08-19-2010 , 07:12 PM
Plancer,

Great post. That had to take alot of time.

The parts relevant to me

Quote:
[*]Kurzweil's predictions had a different probability of occuring than his prediction of the singularity (Max Raker, MM).
This was only a meta argument against people who are saying that because Kurzweil believes in the singularity and he has a good track record we should believe in it to. That is obv not a very good argument to begin with, but it was made.

Quote:
[*]Computational complexity will be a relevant hurdle to arriving at the singularity (Max Raker)
Quote:
(I disagree)
I don't see how anyone could disagree with that. Computational complexity provides rigorously defined benchmarks for what computers can do now and more importantly, what is even possible for computers, people or any combination of to ever do. Even if you think the hurdles are irrelevant, computational complexity gives us limits on what even the singularity can do.
"The Singularity Is Near" by Ray Kurzweil, How Close?? Quote
08-19-2010 , 07:45 PM
Quote:
Originally Posted by Plancer
Sorry, that's my mistake - didn't realize you were silent regarding the singularity.
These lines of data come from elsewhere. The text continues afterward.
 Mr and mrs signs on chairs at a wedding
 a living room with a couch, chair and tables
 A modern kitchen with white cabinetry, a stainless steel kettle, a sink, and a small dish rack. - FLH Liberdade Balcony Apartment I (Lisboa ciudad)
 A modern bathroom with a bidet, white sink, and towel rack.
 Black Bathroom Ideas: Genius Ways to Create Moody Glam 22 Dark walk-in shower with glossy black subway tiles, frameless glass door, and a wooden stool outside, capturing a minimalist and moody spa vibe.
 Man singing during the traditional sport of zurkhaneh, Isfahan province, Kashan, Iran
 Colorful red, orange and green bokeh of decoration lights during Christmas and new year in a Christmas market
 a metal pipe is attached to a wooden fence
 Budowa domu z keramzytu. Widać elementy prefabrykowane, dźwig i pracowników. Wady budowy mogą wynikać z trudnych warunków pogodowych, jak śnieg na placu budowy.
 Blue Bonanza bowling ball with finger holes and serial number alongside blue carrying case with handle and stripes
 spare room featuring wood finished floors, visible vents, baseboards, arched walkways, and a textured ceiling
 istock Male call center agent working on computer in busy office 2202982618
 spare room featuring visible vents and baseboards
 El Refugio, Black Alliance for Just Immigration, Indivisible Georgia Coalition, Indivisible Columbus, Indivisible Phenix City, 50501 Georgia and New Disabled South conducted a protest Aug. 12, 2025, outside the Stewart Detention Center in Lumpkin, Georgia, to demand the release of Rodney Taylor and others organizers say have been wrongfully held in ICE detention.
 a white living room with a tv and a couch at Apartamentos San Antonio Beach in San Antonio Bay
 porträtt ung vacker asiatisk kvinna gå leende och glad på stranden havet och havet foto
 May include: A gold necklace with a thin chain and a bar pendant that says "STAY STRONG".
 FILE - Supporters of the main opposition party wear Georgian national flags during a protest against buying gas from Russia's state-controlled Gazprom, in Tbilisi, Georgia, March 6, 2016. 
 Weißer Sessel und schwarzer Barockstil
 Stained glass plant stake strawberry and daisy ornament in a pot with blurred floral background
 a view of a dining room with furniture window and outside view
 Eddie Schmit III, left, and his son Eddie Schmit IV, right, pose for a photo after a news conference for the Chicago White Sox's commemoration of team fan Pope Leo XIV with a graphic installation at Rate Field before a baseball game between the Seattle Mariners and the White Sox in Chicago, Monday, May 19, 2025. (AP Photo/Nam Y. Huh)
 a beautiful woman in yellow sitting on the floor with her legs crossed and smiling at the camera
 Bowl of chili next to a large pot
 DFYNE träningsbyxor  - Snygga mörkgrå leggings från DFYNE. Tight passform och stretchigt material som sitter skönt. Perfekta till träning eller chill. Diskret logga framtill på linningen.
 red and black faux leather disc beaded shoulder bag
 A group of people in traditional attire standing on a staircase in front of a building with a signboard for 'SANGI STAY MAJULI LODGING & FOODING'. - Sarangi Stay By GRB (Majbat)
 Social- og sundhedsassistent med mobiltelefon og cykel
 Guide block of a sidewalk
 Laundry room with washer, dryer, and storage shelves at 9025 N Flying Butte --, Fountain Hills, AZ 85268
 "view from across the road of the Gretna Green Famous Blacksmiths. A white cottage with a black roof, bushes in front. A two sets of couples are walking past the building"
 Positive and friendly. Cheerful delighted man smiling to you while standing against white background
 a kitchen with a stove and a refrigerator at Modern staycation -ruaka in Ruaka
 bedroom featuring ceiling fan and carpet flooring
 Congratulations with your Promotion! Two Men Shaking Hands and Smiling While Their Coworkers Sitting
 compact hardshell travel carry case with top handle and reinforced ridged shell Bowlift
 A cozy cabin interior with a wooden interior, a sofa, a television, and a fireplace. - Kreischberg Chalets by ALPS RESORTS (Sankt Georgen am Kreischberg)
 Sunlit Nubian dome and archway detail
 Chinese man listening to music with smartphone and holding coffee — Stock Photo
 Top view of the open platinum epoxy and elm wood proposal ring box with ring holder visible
I do not think the evidence you gave supports the claim of intellectual dishonesty. You pointed to Kurzweil's reponse to criticism:
The defense that I gave in post 368. That's creationist-level nonsense.
"The Singularity Is Near" by Ray Kurzweil, How Close?? Quote
08-19-2010 , 08:39 PM
Quote:
Originally Posted by Plancer
I wrote Cliff notes just for you, but apparently those are too long as well. So here are Cliff's Cliffs.

PZMeyers = bag of ****
Searle's argument = applied to a drastically different case
Survivorship bias = doesn't apply when trials are unlikely
Everything else = ad hominem
Well thanks for the summary of the summary.

PZMeyers is just amusement.

I don't know Searle.

Survivorship bias may or may not have merits here, and I do think poker players are inclined to fail to recognize it, but since I have pretty much just dismissed the ethos based arguments from the start, I don't really care.

Lumping everything else as ad hominem is disingenuous. I don't care about Kurzweil as a person. Any ridicule I typed was for his ideas.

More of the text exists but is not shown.